CEMAAT TABANI 2 YILDIR BUNA HAZIRLANIYORDU
Cemaat tarafından çizilen ve hukuk üzerinden temellendirilen bu çerçeveyi biraz daha genişlettiğimizde, filmi biraz daha geriden aldığımızda; mesela Nedim Şener, Ahmet Şık ve Hanefi Avcı’nın başına gelenler, daha sonra KCK tutuklamaları ve nihayetinde Hakan Fidan’a yönelik operasyonların henüz tasfiye edilememiş cemaat kadrolarınca gerçekleştirildiğine dair iddialar giriyor görüntüye… Hele hele “elde birçok bakana ait yolsuzluk dosyaları olduğu, cemaate herhangi bir zarar verilmesi durumunda bunların açıklanacağı”na dair dedikoduların aşağı yukarı iki yıldır cemaat içinde dolaşımda olması, tabanın buna hazırlandığı yönünde güçlü bir argüman sayılabilir. Ayrıca yine tabana şırınga edilen “PKK’lı Kürt” düşmanlığı, “bizi her zaman sırtımızdan vuran İran” düşmanlığı, “Mossad’ın ajan listesini İran’a veren Hakan Fidan” düşmanlığı gibi kampanyaların, hükümetin en hassas konularda geliştirmeye çalıştığı politikalara karşı cemaat üyeleri üzerinde “teyakkuz dozunda bir düşmanlık” hali yaratma amacına matuf olduğu düşünülebilir.
CEMAAT OYUNUNU ERDOĞAN'DAN DAHA GÜÇLÜ
ODAKLARLA OYNUYOR
Benim kanaatim, sadece Türkiye’de değil, bütün dünyada etkili bir güç haline gelmek isteyen cemaatin, oyununu Erdoğan’dan daha güçlü olduğunu düşündüğü politik güç odaklarına göre kurguladığı yönündedir.
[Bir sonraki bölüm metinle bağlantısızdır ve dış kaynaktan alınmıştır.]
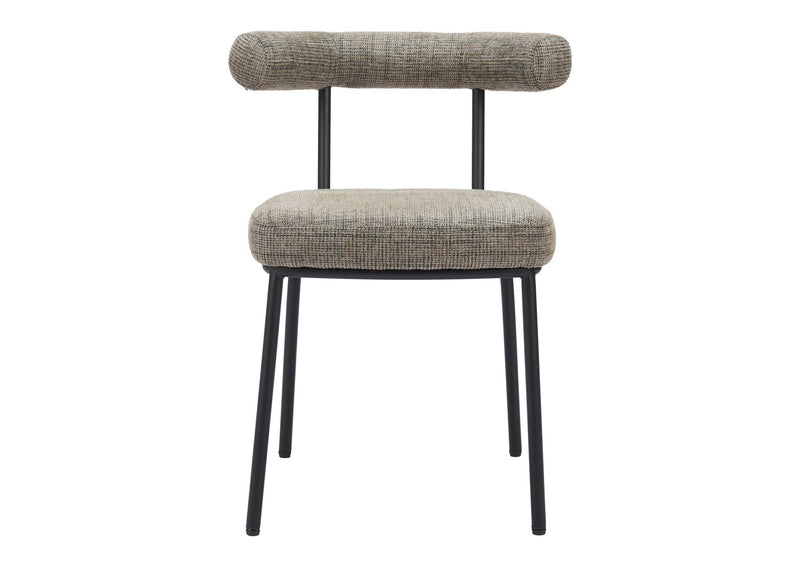 110098 Kede Dining Chair (Set Of 2) Green Tweed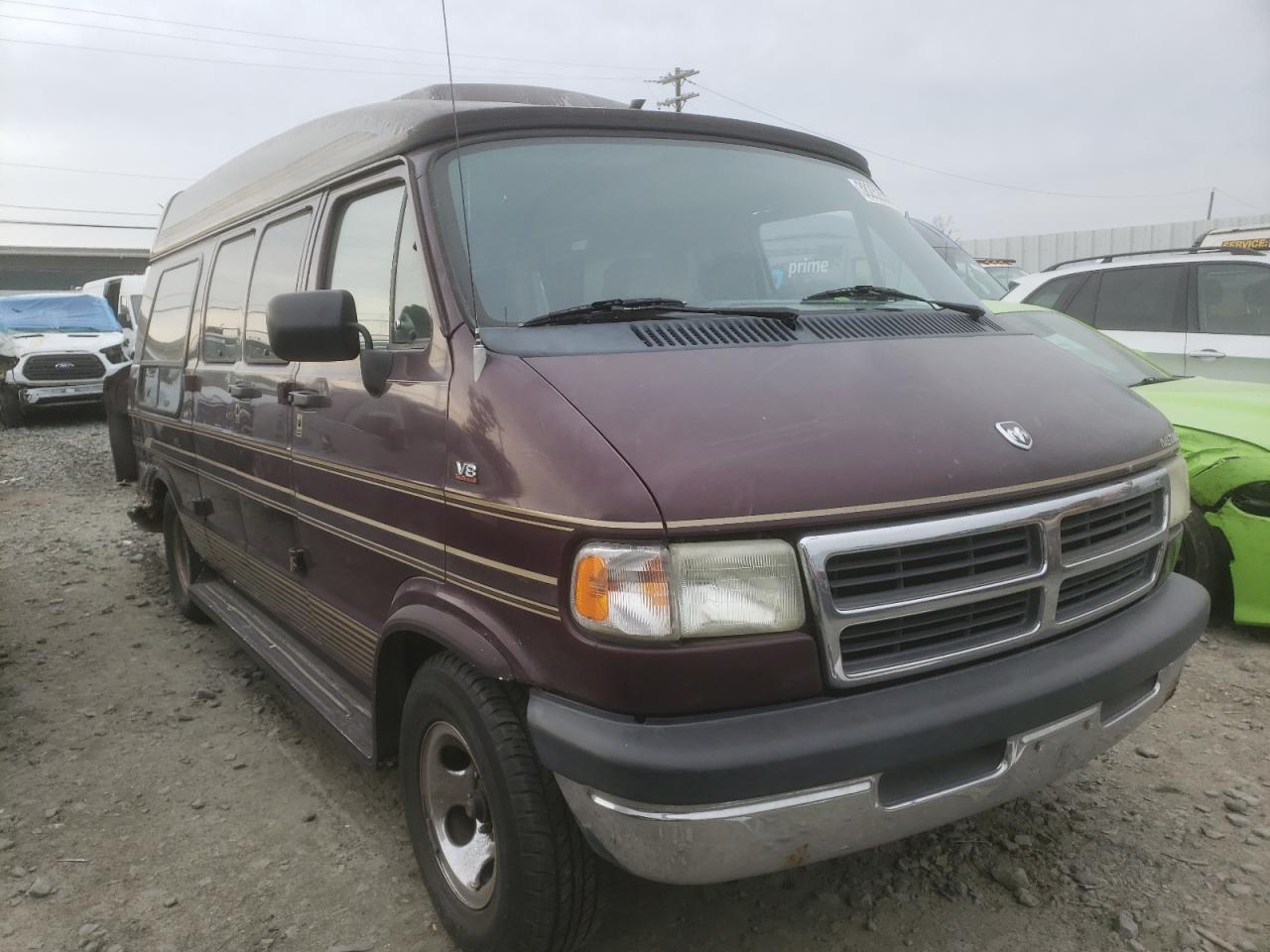 DODGE RAM VAN B2 1995 with VIN 2B6HB21Y7SK563422 - Photo from auction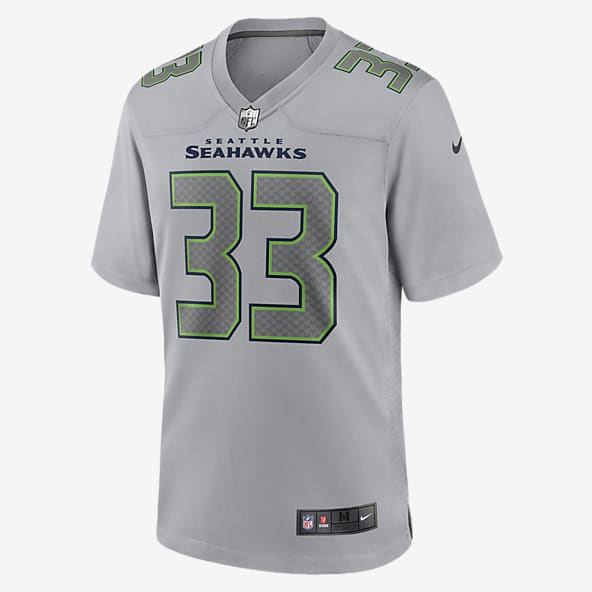 Mens Seattle Seahawks 12s Nike Gray Alternate Game Jersey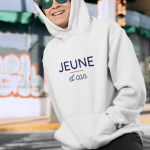 sweat a capuche blanc homme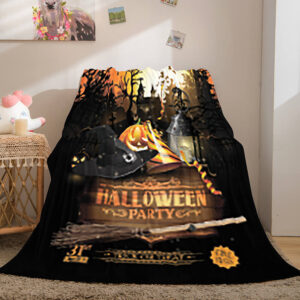 Halloween Castle Blanket 453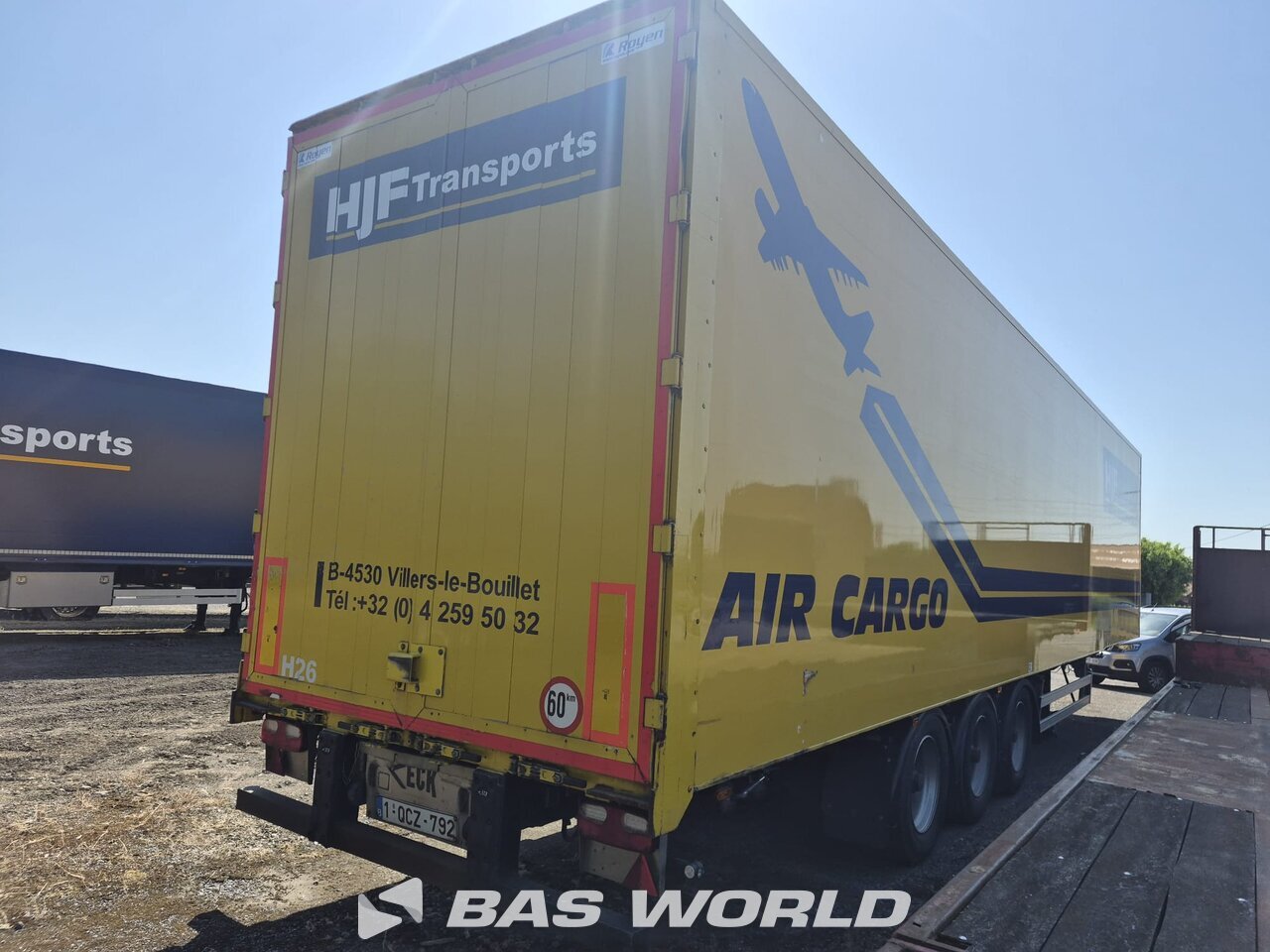 Other : Van Eck DT Closed Box semi trailer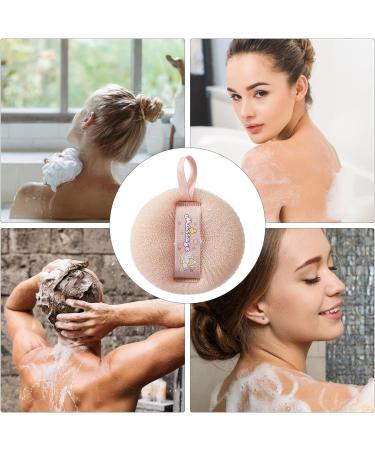 Bath Sponge Soft Exfoliator Shower Body Wash Scrub 11/14cm Foam Loofah Sponge FPM Loofah Sponge for Extra Foaming Bathing Sponges for Shower for Adults & Childrens Pink - Buy Online on GoSupps.com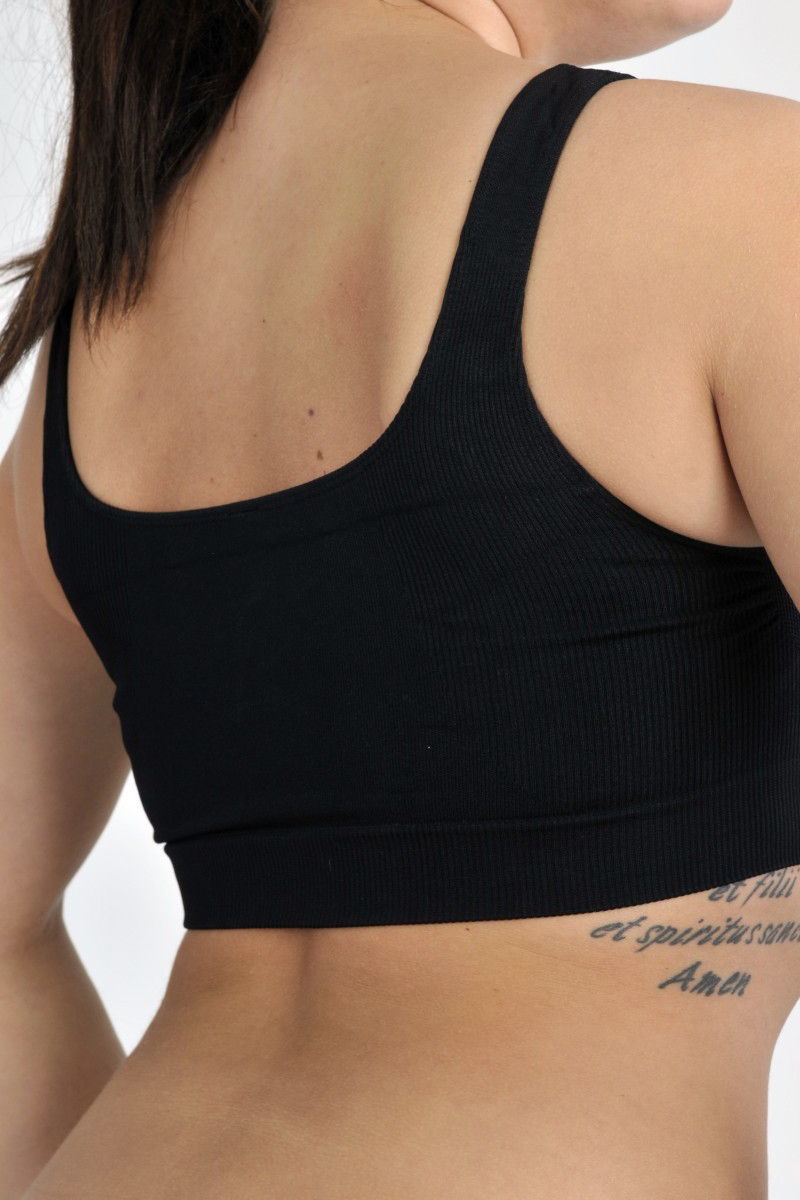 Sport BH in schwarz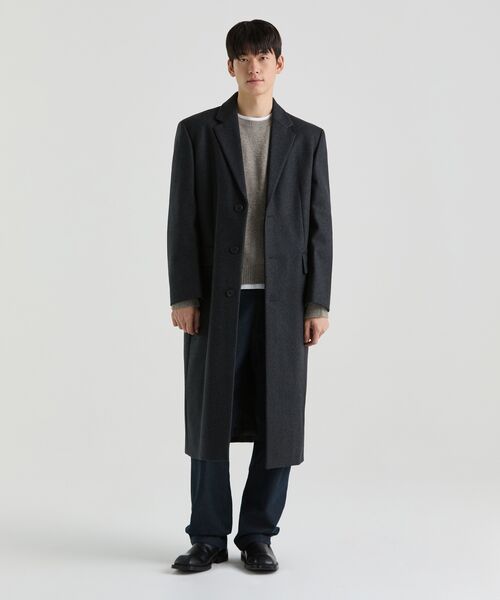 MUSINSA STANDARD（ムシンサスタンダード）の「デニムライクオフィサーパンツ [ディープインディゴ]（スラックス・メンズ・その他・29/30/31/33/26/27/28/40/38/42/36/34/32）」の10枚目の写真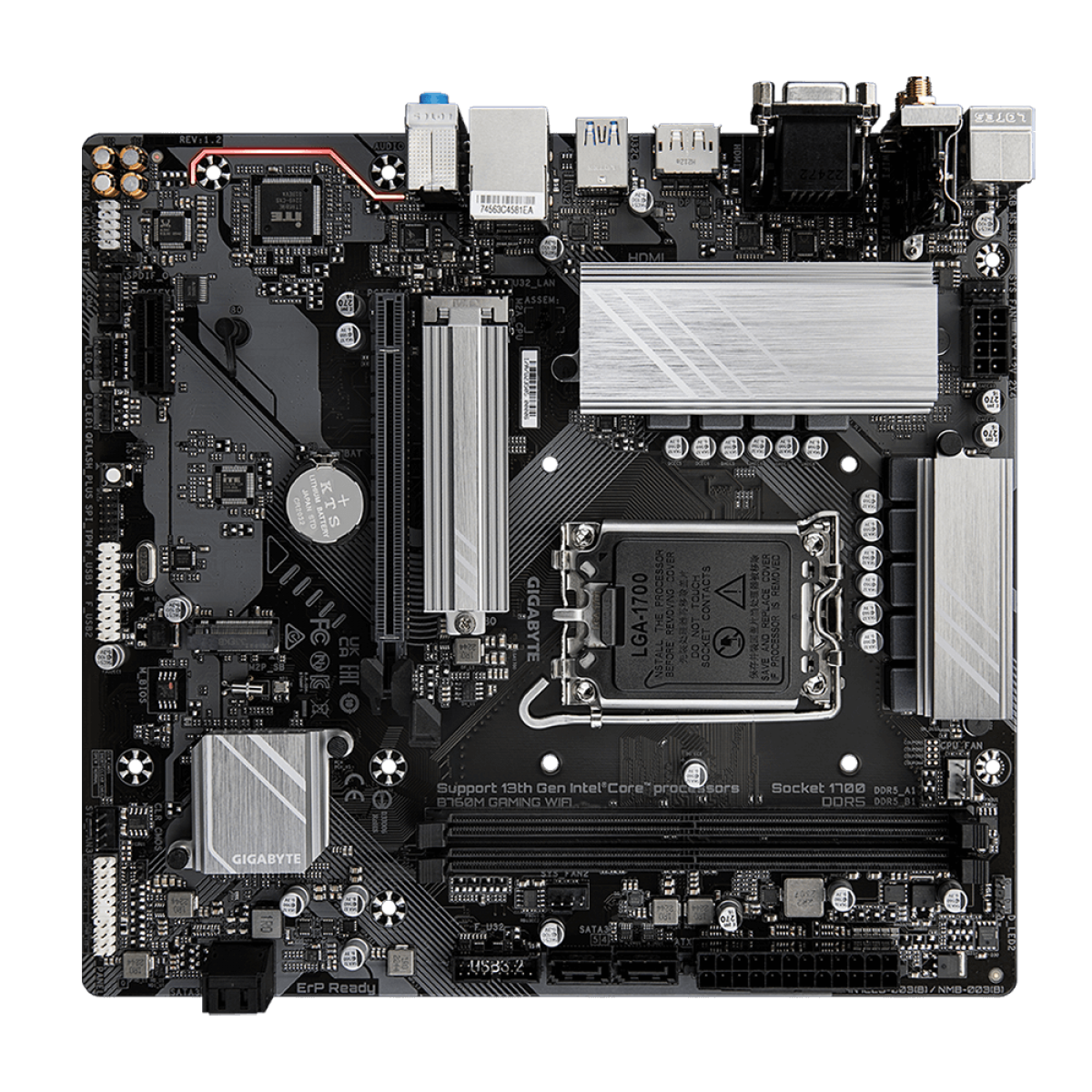 Placa Mãe Gigabyte B760M Gaming WIFI, Chipset B760, Intel LGA 1700, MATX, DDR5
Gezi olayları sırasında ortaya çıkan etkili iç muhalefet ve bu muhalefete can simidi gibi sarılan TÜSİAD camiası ve biraz gecikmeyle de olsa sahne alan “bir kısım medya” desteği, kanımca cemaati, bu oyunu hem iç hem de dış muhalefete entegre bir düzeye taşıması ve gizlilikten çıkarıp, Today’s Zaman gibi yayın organları vasıtasıyla açık etmesi yönünde büyük ölçüde cesaretlendirmiştir.
BU OPERASYON BEDDUALI
Geldiğimiz noktada, hükümetin itibarıyla birlikte ülkenin siyasi ve ekonomik istikrarını da sallayan yolsuzluk operasyonları, cemaatin resmen üstlenmediği ancak yayın organları aracılığıyla bu operasyonların arkasında oldukları imajının verildiği, “devirici muhalefet” ajandasının “beddua”yla güçlendirilmiş yeni bir perdesidir.
CEMAAT MURADINA ERERSE ŞAYET...
Hizmet hareketi, muradına ererse şayet, devirdiği iktidarın altında kalacağını hiç aklına getirmese de, camiadaki dost ve akrabaların hatırına hürmeten kendilerine hatırlatmamız boynumuzun borcudur. “Ene ukiltu yavme ukile essevru’l ebyad” diyen meşhur Arap meselinde olduğu gibi, siyah ve sarı öküzler, aslanla işbirliği yapıp beyaz öküzü ona yedirdikleri gün kendi idam fermanlarını da imzalamıştırlar aslında. Cemaatin bunu göremeyecek kadar kör olmasının sebebi, eleştirirken iktidara atfettikleri ancak bence kendilerinin daha şiddetli bir şekilde mustarib oldukları “güç zehirlenmesi” dir.